2

Many thanks for reading. Apologies for what I'm sure is a simple task.

I have a dataframe: (Edited: Added extra column not to be included in comparison)

b = c(5, 6, 7, 8, 10, 11) 
c = c('david','alan','pete', 'ben', 'richard', 'edd') 
d = c('alex','edd','ben','pete','raymond', 'alan')
df = data.frame(b, c, d) 
df
   b       c       d
1  5   david    alex
2  6    alan     edd
3  7    pete     ben
4  8     ben    pete
5 10 richard raymond
6 11     edd    alan

I want to compare the group of columns c and d with the group of columns d and c. That is, for one row, I want to compare the combined values in c and d with the combined values in d and c for all other rows.

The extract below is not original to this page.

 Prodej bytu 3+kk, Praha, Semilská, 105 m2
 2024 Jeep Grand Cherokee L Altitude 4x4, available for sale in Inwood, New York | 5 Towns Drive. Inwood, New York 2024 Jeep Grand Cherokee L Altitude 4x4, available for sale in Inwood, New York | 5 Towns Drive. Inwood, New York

(Note the values could either be characters or integers)

Where these match I want to return the index of those rows which match, preferably as a list of lists. I need to be able to access the indexes without referring to the values in column c or d.

I.e. for the above dataframe, my expected output would be:

c(c(2, 6), c(3, 4))
((2,6), (3,4))

As:

Row 2: (c + d == alan + edd) = row 6: (d + c == edd + alan)
Row 3: (c + d == pete + ben) = row 4: (d + c == ben + pete)

I understand how to determine the match case for two separate columns using match melt, but not if they are joined together and iterating over all possible row combinations.

I envision something like:

lapply(1:6, function(x), ifelse((df$a & df$b) == (df$b & df$a), index(x), 0))

But obviously that is incorrect and won't work.

I consulted the following questions but have been unable to formulate an answer. I have no idea where to begin.

Matching multiple columns on different data frames and getting other column as result

match two columns with two other columns

Comparing two columns in a data frame across many rows

R Comparing each value of all pairs of columns

How can I achieve the above?

Chuck
  • 3,664
  • 7
  • 42
  • 76

1 Answers1

4

You could do something like this. It splits the row indices 1:nrow(df) according to unique sorted strings formed from the columns of df. The sorting ensures that A,B and B,A are treated identically.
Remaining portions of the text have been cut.